• _Goal of the exercise_:
Give back an exact copy of the listing that follows, without the pictures.

• _Supplied data_:
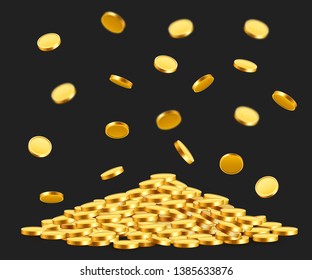 Falling coins, falling money, flying gold coins, golden rain. Jackpot or success concept. Modern background. Vector illustration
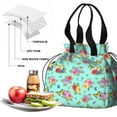 thumbnail image 4 of Pioneer Flower Floral Print Pattern Drawstring Lunch Bag Women - Drawstring Lunch Bag Insulated for Work Office - Stain-Resistant Large Lunchbags for Women with Multi-Pockets, 4 of 6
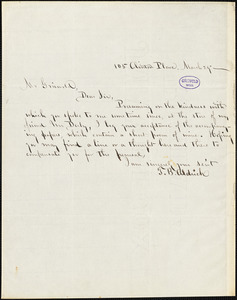 Thomas Bailey Aldrich, 105 Clinton Pl., autograph letter signed to R. W. Griswold, 29 March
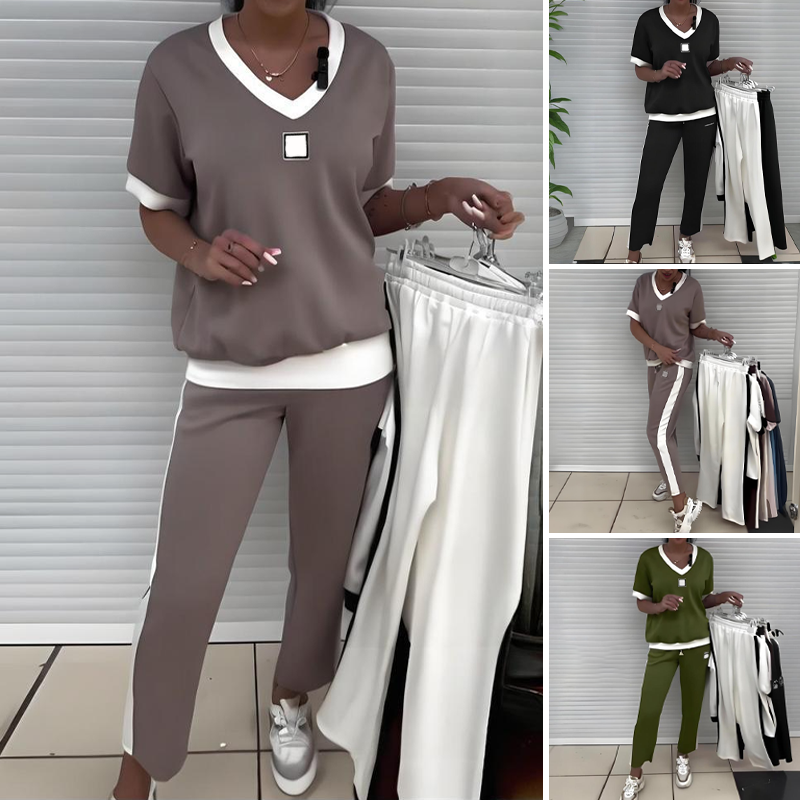 ⏳Begrenzte Zeit 50% Rabatt💥Lässiges Damen-Zweiteiler: Top mit V-Ausschnitt und Hose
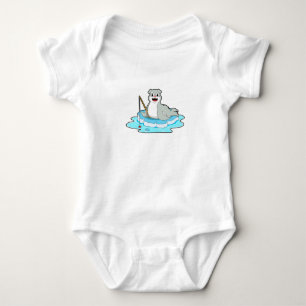 Body Para Bebê Selo na pesca com vara de pesca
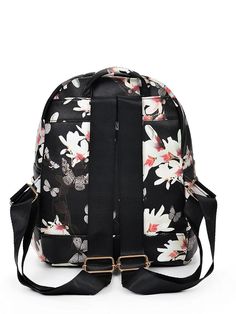 Vintage Flower Print Backpack - Hipimi White Spring Backpack With Adjustable Strap, White Backpack With Adjustable Strap For Spring, Floral Print Backpack For Everyday Use In Spring, Spring Backpack With Floral Print For Everyday Use, Spring Floral Print Backpack For Everyday Use, Casual Travel Bag With Floral Print, Casual Floral Print Travel Bag, White Standard Backpack For Spring, Spring Floral Print Standard Backpack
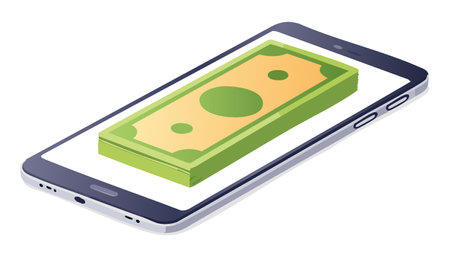 Smart phone with banknote in trendy flat style isolated on white background for technology and business conceptのイラスト素材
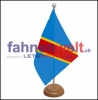Kongo demokratische Republik Tisch-Fahne aus Stoff mit Holzsockel | 22.5 x 15 cm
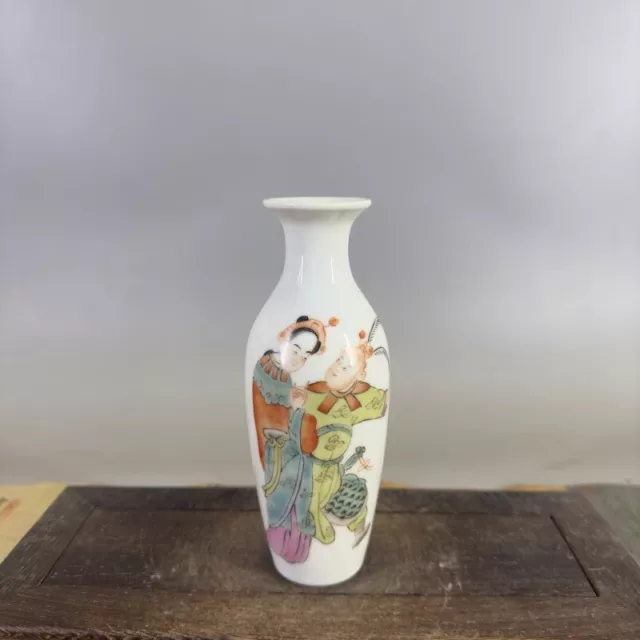 Chinese Porcelain The Republic of China Famille Rose Personage Vase 6.02 Inch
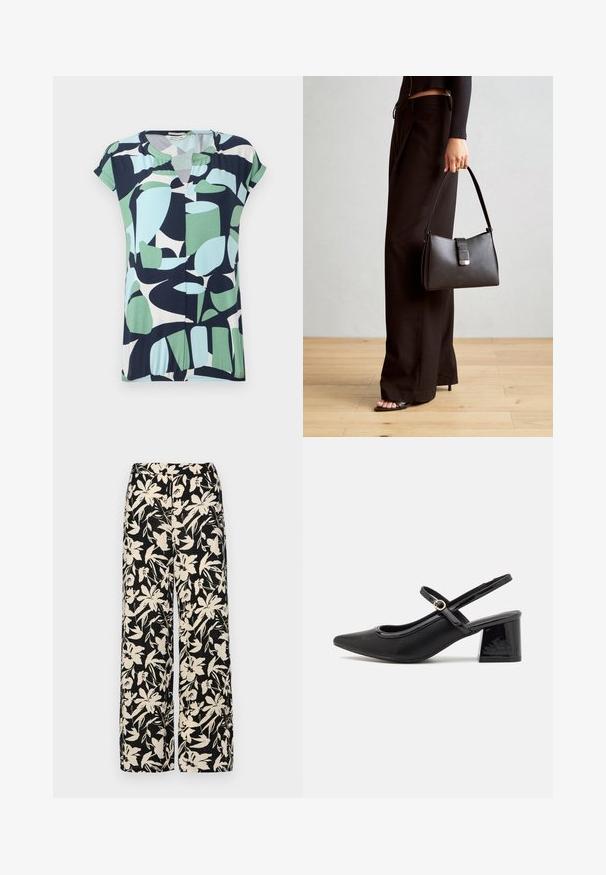 Kopšlīmeņa, ar V veida kakla izgriezumu, tops jūras zilā, piparmētru zaļā un gaiši zilā krāsā ar abstraktiem ģeometriskiem rakstiem un savilkumu apakšmalā.; Melni platie bikses ar krēmkrāsas ziedu rakstu. Izgatavotas no viegla auduma, kuram ir gluda tekstūra un augsta jostasvietas daļa.; Melns patentēts ādas sandales ar norādīta pirksta formu, noapaļotu izgriezuma dizainu un bloķētu papēdi. Iezīmēta ar zelta toņa sprādzi.; Melnā somiņa ar strukturētu formu, gludu tekstūru un metālu sprādzi. Saskaņota ar platām melnām biksēm un sandālēm ar atvērtu purngalu uz koka grīdas.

• _Finished task_:
 Falling coins, falling money, flying gold coins, golden rain. Jackpot or success concept. Modern background. Vector illustration
 thumbnail image 4 of Pioneer Flower Floral Print Pattern Drawstring Lunch Bag Women - Drawstring Lunch Bag Insulated for Work Office - Stain-Resistant Large Lunchbags for Women with Multi-Pockets, 4 of 6
 Thomas Bailey Aldrich, 105 Clinton Pl., autograph letter signed to R. W. Griswold, 29 March
 ⏳Begrenzte Zeit 50% Rabatt💥Lässiges Damen-Zweiteiler: Top mit V-Ausschnitt und Hose
 Body Para Bebê Selo na pesca com vara de pesca
 Vintage Flower Print Backpack - Hipimi White Spring Backpack With Adjustable Strap, White Backpack With Adjustable Strap For Spring, Floral Print Backpack For Everyday Use In Spring, Spring Backpack With Floral Print For Everyday Use, Spring Floral Print Backpack For Everyday Use, Casual Travel Bag With Floral Print, Casual Floral Print Travel Bag, White Standard Backpack For Spring, Spring Floral Print Standard Backpack
 Smart phone with banknote in trendy flat style isolated on white background for technology and business conceptのイラスト素材
Kongo demokratische Republik Tisch-Fahne aus Stoff mit Holzsockel | 22.5 x 15 cm
 Chinese Porcelain The Republic of China Famille Rose Personage Vase 6.02 Inch
 Kopšlīmeņa, ar V veida kakla izgriezumu, tops jūras zilā, piparmētru zaļā un gaiši zilā krāsā ar abstraktiem ģeometriskiem rakstiem un savilkumu apakšmalā.; Melni platie bikses ar krēmkrāsas ziedu rakstu. Izgatavotas no viegla auduma, kuram ir gluda tekstūra un augsta jostasvietas daļa.; Melns patentēts ādas sandales ar norādīta pirksta formu, noapaļotu izgriezuma dizainu un bloķētu papēdi. Iezīmēta ar zelta toņa sprādzi.; Melnā somiņa ar strukturētu formu, gludu tekstūru un metālu sprādzi. Saskaņota ar platām melnām biksēm un sandālēm ar atvērtu purngalu uz koka grīdas.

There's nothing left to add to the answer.